WASHINGTON -- The Washington Wizards have won six of their last nine games since franchise point guard John Wallreturned to the lineup. In that short span of time the team has gone from being a laughingstock with the NBA's worst record to an up-tempo, defense-first unit that is beginning to draw respect around the league.
There are a number of players, most notably Bradley Beal and Nene, who deserve credit for the team's recent turnaround. However, the returning Wall has been the driving force behind the team's surge. And the rest of the league is starting to talk.
Minnesota Timberwolves point guard Luke Ridnour played against Wall for much of Washington's blowout victory. Wall had a transformative effect on Washington's offense on the way to 14 points and five assists in only 21 minutes of playing time. Asked to describe the changes in Wall's game, "He's gotten better this year at getting in (the paint) and finding people." Wall did this time and time again as he led the NBA's worst offense on a per possession basis to 114 points in the team's win over Minnesota.
This ability to make the game easier for his teammates has been shown time and time again to be far more valuable than mere points or assists. According to NBA.com/stats, Washington has scored 102.6 points per 100 possessions and posted a 54 percent true shooting percentage in the nine games since Wall returned. For the team's previous 33 games? They scored 93.1 points per 100 possessions and posted a team-wide true shooting percentage of only 48.4 percent.

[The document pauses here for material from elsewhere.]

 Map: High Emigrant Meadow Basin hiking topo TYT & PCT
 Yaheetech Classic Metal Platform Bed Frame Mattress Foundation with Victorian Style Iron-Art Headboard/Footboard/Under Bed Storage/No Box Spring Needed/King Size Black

Speaking after Washington's 86-73 victory over the Chicago Bulls, Wall gave credit for Washington's improved performance to his teammates. "It's not just me. Never just me. It's my team. I just wanted to come in and be a spark for my team." He would go on to add, "I think I'm just doing a great job of getting easy shots for my teammates and making the game easy. My team is doing a great job of building their confidence and playing the same way."
While Wall's humility is admirable, his teammates, no matter how hard they try, are physically incapable of some of the things Wall can do on the court. His speed, when combined with his court vision, pass-first tendencies and requisite size to see over the top of defenses, allows Wall to push the pace and get a relatively unskilled offense desperately-needed easy shots. Washington is averaging 98.8 possessions per 48 minutes with Wall on the court this season while averaging 93.6 when he sits, as per NBA.com/stats.
Chicago held Washington to 36 percent shooting in their previous match up, an 87-77 Bulls win at the United Center. Washington coach Randy Wittman gave credit for his team's improved offensive performance to the Wizards' ability to control the pace.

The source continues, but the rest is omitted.